Fluid seal assemblies of various types are used in numerous applications including and not limited to sealing vehicular engine crankshafts, transmission shafts, bearing lubrication systems, compressor shaft support assemblies, and the like. The fluid seal assembly is designed to retain and seal oil or grease in a predetermined location for lubricating the shaft and to prevent ingress of environmental

contaminants.

Typical fluid seal assembly includes a casing unit, a flexible sealing member having a sealing lip adapted to engage against a sealing surface of a relatively rotatable member, such as the shaft.
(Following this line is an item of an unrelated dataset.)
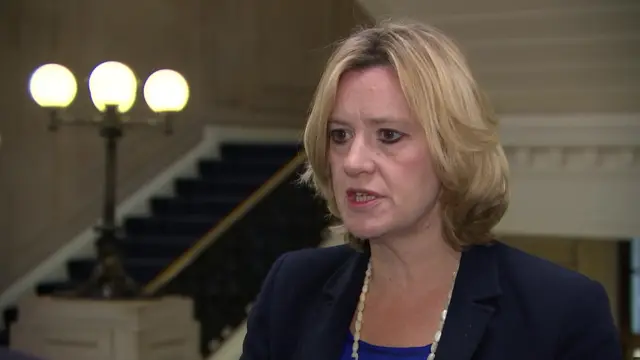 Energy Secretary Amber Rudd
The flexible sealing member includes a body portion extending to an annular flex portion of reduced cross-sectional thickness bonded to the metal case member and located intermediate the seal lip and metal case. The purpose of this flex section is to allow the seal lip to stay in continuous, intimate contact with the shaft it is to seal despite any lack of concentricity between the relatively rotating members, e.g. the rotating shaft and the stationery engine block into which the annular metal case member is installed.
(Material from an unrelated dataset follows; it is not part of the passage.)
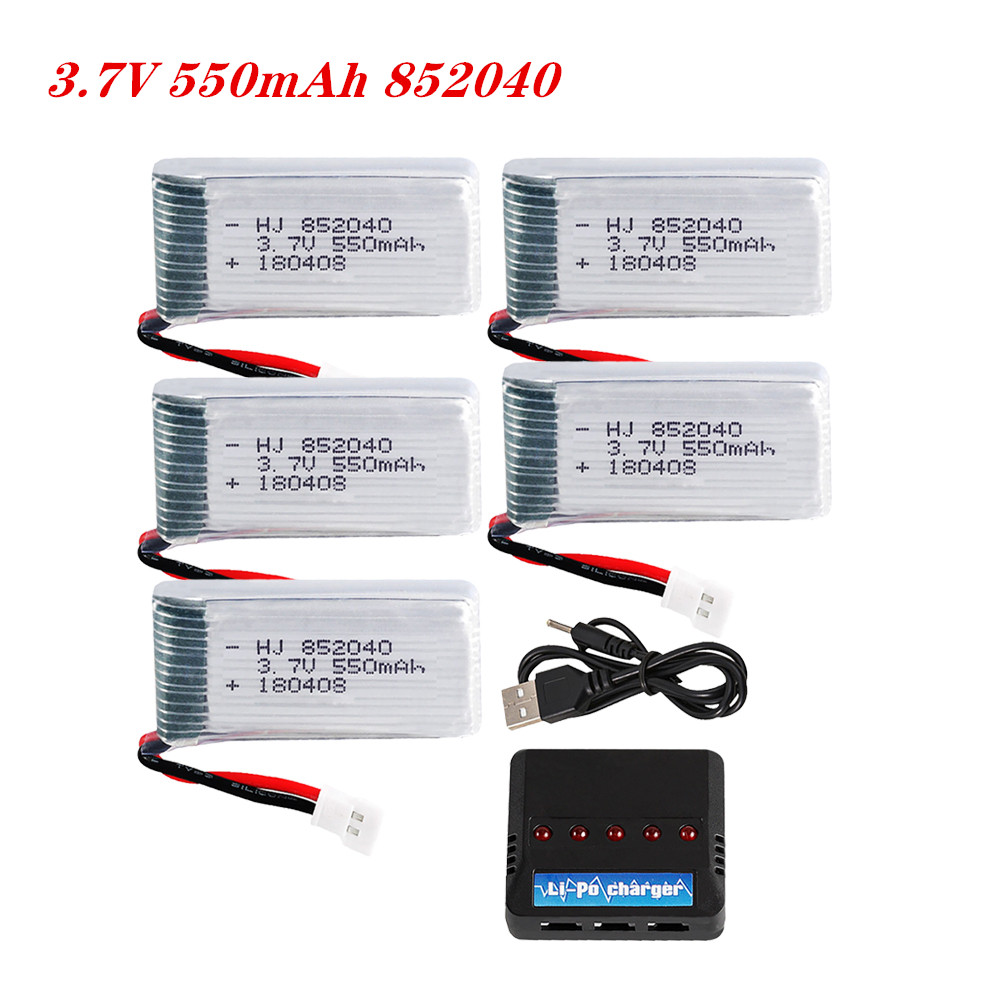 3.7V 550mAh 25C Lipo Battery 8 - Rc Hobby Hub review and price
It is important to constantly retain and seal oil or grease in a predetermined location for lubrication of the shaft and to prevent ingress of environmental contaminants. There are numerous prior art seal assembly designs, which are effective to return oil or other lubricant to the sealed cavity upon rotation of the shaft. In either case, relative motion between the shaft and the seal assembly serves to "pump" the oil, grease, or other sealed fluid back into the sealed region defined between the shaft and the seal assembly.

Various prior art references are known which disclose fluid seals adaptable to retain and seal oil or grease in a predetermined location for lubricating the shaft. These prior art references include and are not limited to United States Patent Nos. 3,501,155 to Dega et al.; 4,336,945 to Christiansen, et al.; 4,501,431 to Peisker et al., 4,667,968 to Nash et al., 4,886,281 to Ehrmann et al.; 4,969,653 to Breen, and 5,553,870 to Czekansky et al.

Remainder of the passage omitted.